III.        LES QUESTIONS EN LITIGE

[8]        Dans ses observations écrites, le demandeur a présenté un argument selon lequel il y aurait eu abus de procédure, mais il n’a pas poursuivi cette question à l’audience parce qu’il avait compris que le ministre avait affirmé qu’il pourrait soulever cette question à la SPR ou dans toute demande de contrôle judiciaire subséquente.

[9]        Les questions soulevées à l’audience étaient les suivantes :

1.         Le dossier certifié du tribunal est-il complet?

2.         La demande de contrôle judiciaire est-elle prématurée?

3.         La représentante du ministre était-elle tenue de prendre en compte les motifs d’ordre humanitaire?

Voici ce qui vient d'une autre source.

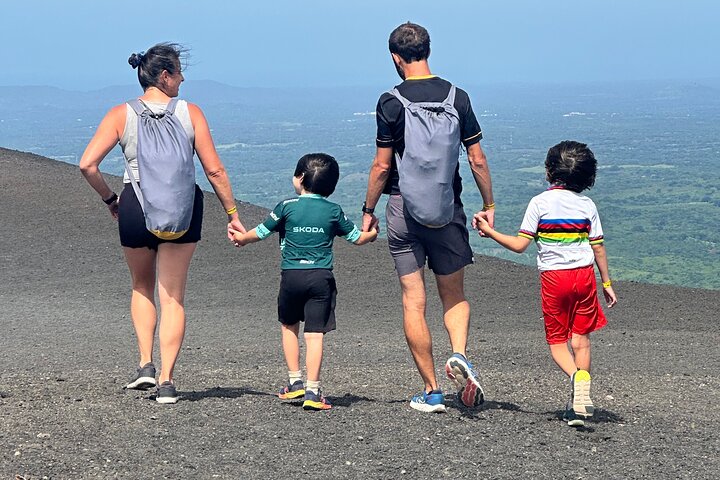 Privé vulkaanboarden bij Cerro Negro, premium en gezinsvriendelijk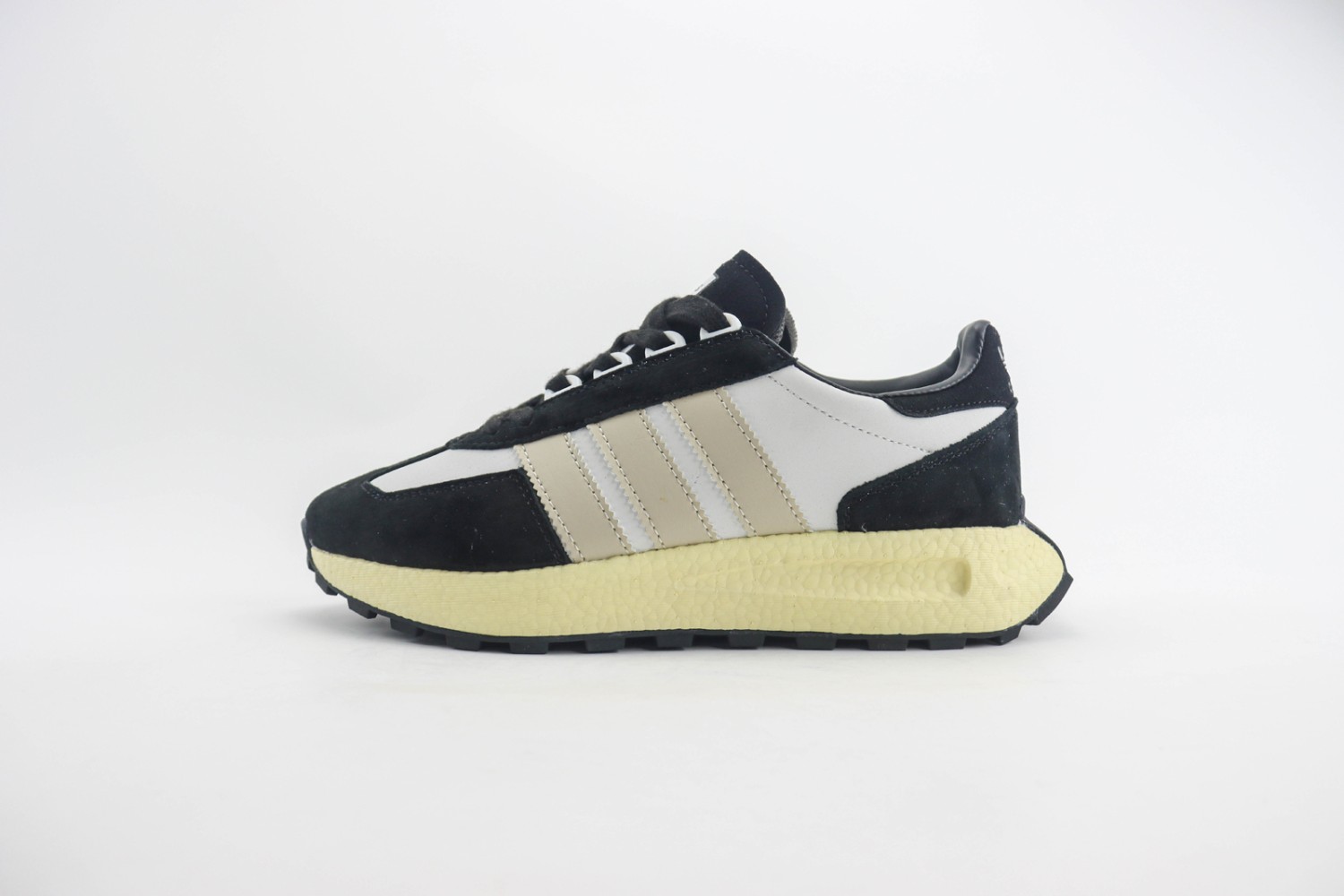 Adidas Retropy Sneaker ARES100037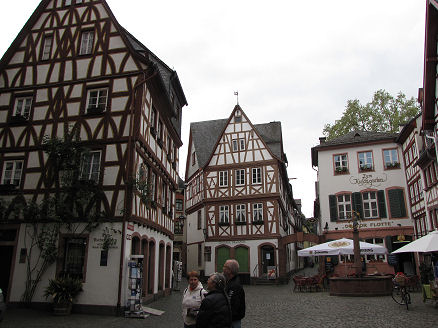 Wandering the streets of Mainz with Werner and Erika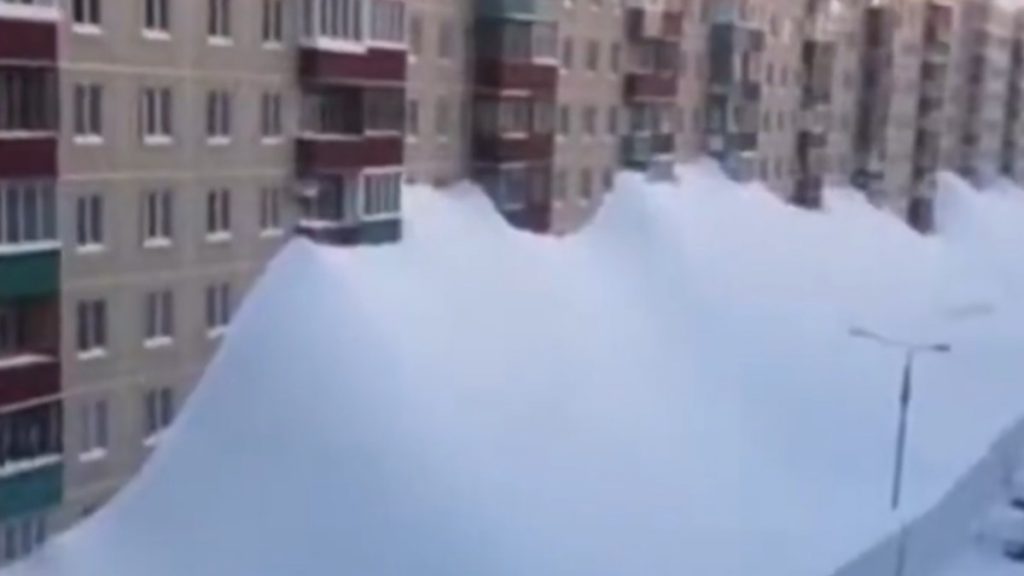 Ρωσία: Πηδούν από παράθυρα στον 7ο όροφο – Θάφτηκε κάτω από το χιόνι η Καμτσάτκα μετά από πρωτοφανή καιρικά φαινόμενα (βίντεο)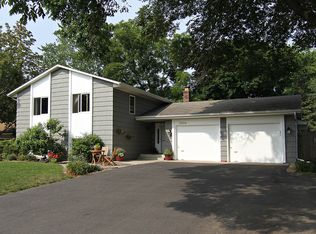 2809 Aglen Ave, Roseville, MN 55113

A.        La norme de contrôle

[10]      La norme de la décision raisonnable est la norme applicable lorsqu’un décideur interprète sa propre loi constitutive ou une loi étroitement reliée à son mandat : Dunsmuir c. Nouveau-Brunswick, 2008 CSC 9, [2008] 1 S.C.R. 190, aux paragraphes 53 et 54. Cette présomption a été appliquée à des décisions rendues par des ministres et des représentants de ministre; voir par exemple, Kinsel c. Canada (Citoyenneté et Immigration), 2014 CAF 126, [2016] 1 R.C.F. 146, au paragraphe 26. La présomption n’est pas réfutée lorsque le représentant dépose une demande de constat de perte de l’asile à la Commission de l’immigration et du statut de réfugié : Romero c. Canada (Citoyenneté et Immigration), 2014 CF 671, [2015] 3 R.C.F. 265, au paragraphe 16. Il y a donc lieu de contrôler la décision selon la décision raisonnable.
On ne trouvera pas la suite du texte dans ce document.